Die Brigade Kurth wühlt schon wieder

KLEINER ABSCHIED Hemdsärmelig und stur, so kennt man ihn. Der Schauspieler Peter Kurth gehört in Fernsehkrimis oft zu den Verdächtigen. Heute hat er als Bahnwärter Thiel Premiere am Gorki-Theater, das er bald verlassen wird. Im Team von Armin Petras gehört er zu den heftigsten Gräbern im Bergwerk der Geschichte

Aber wer was wie und warum erzählt, das eben sind die Fragen, um die es in diesem Theater als Forschungsanstalt geht

VON KATRIN BETTINA MÜLLER

Er ist einer der Gründe, um in das Gorki-Theater zu gehen: der Schauspieler Peter Kurth. Seit er mit Armin Petras 2006 vom Thalia Theater in Hamburg an das Haus in Berlin kam, hat er das Projekt dieses Regisseurs und Intendanten entscheidend mitgetragen: in der Geschichte zu graben, Literatur zu befragen, was dieses Land Deutschland geprägt hat, wie die Gegenwart entstanden ist, was die Spuren eines unterschiedlichen Denkens aus Ost- und Westdeutschland damit noch immer zu tun haben, wie die Verlierer der Geschichte leben und was die Sieger uns glauben machen wollen.

Fast mit jeder Rolle seit 2006 hat Peter Kurth einen Mosaikstein in dieses Gewebe gefügt. Den Zuschauer „auf diese Reise mitzunehmen“, das ist seine Leidenschaft. Deshalb ist das Gorki-Theater für ihn einer „der spannendsten Orte“, an denen man als Schauspieler arbeiten kann. Und weil er die Sinnstiftung dieser Arbeit nicht missen mag, wird er mit Armin Petras in der nächsten Spielzeit auch in Stuttgart zusammenarbeiten.

Aber noch ist es nicht so weit, jetzt spielt er den Bahnwärter Thiel in einer Performance nach der gleichnamigen Erzählung von Gerhart Hauptmann. Die Rolle des massigen Mannes, der keine Sprache für seine Gefühle findet, bis sich die inneren Turbulenzen in einem Gewaltakt Bahn brechen, scheint gut aufgehoben bei diesem Schauspieler. Bei einer Probe darf ich zuschauen, Peter Kurth und Regine Zimmermann arbeiten mit Hauptmanns Prosatext; Schattenfiguren und Tänzer nehmen sich der irrationalen Fantasien des Bahnwärters an, seiner Begegnung mit seiner toten Frau.

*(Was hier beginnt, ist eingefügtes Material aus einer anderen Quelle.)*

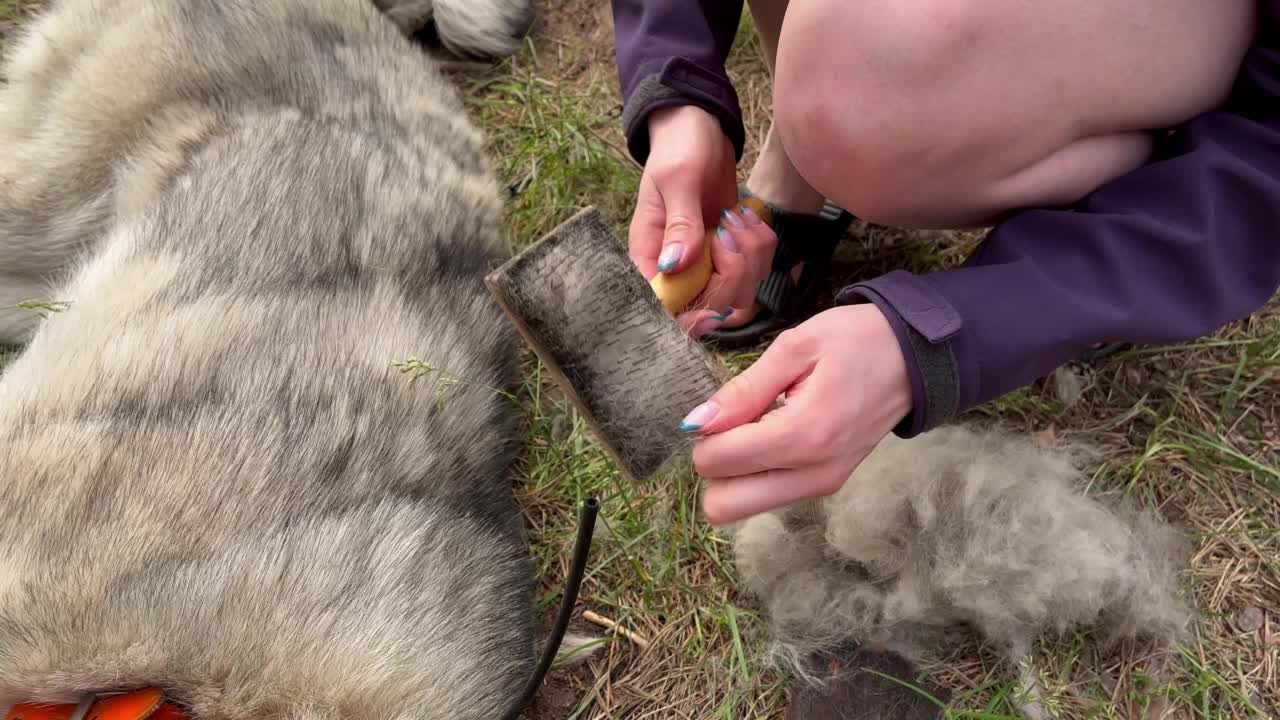 女人梳狗，西伯利亚哈士奇，春天的羊毛脱落。宠物喜欢梳理。视频下载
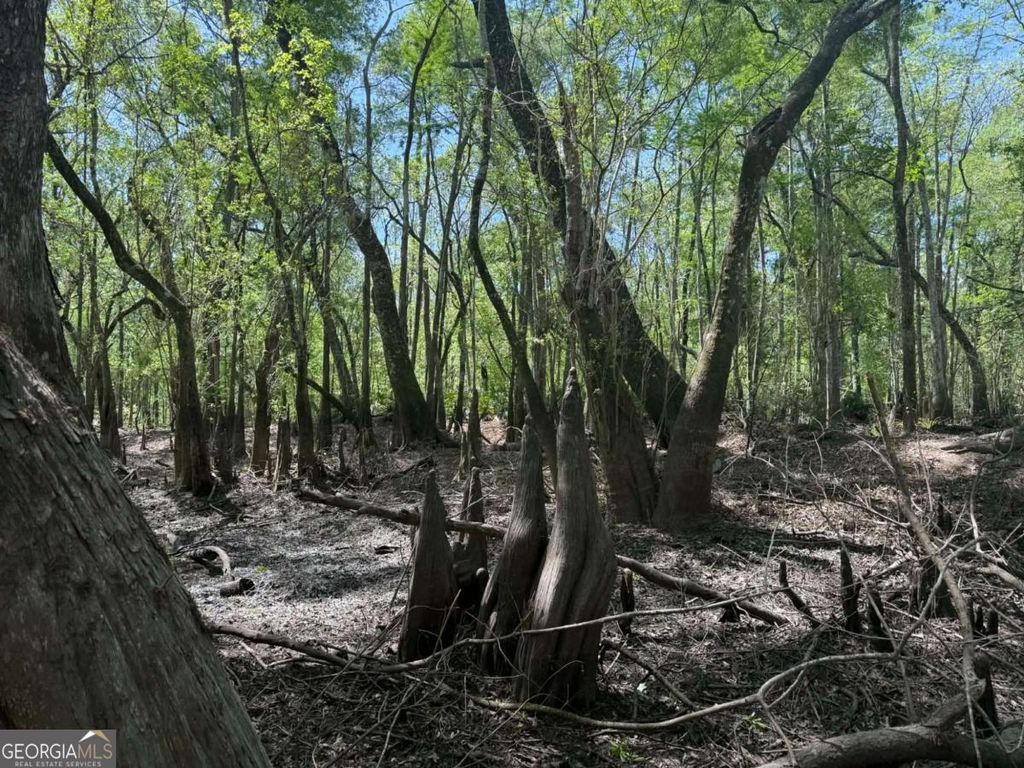 Photo of 0 Lewis Landing, Nahunta, GA 31553 (MLS # 10731610)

Er wird alles, was der Bahnwärter sieht

Drei, vier Seiten Prosa, die vom Erschrecken des Bahnwärters über die Entdeckung handeln, dass seine zweite Frau seinen Sohn aus erster Ehe misshandelt, lässt der Regisseur Armin Petras Kurth in dieser Probe zweimal erzählen – ganz unterschiedlich und doch beide Male spannend. Das erste Mal, in einer ruhig gesprochenen Fassung, liegt der Fokus der Aufmerksamkeit auf der Sprache des Dichters, der starken Spannung zwischen der inneren Beunruhigung des Bahnwärters und der Ruhe der äußeren Bilder. Die zweite Fassung ist dramatischer und illustrativer, Kurth verwandelt sich kurz in alles, was Thiel sieht, in den feuchten Waldboden und die auffliegende Krähe, er wird durchlässig für jede Wahrnehmung. Ich könnte nicht sagen, was überzeugender ist; aber dass beide Erzählweisen den Inhalt so stützen, spricht für das hohe handwerkliche Können des Schauspielers.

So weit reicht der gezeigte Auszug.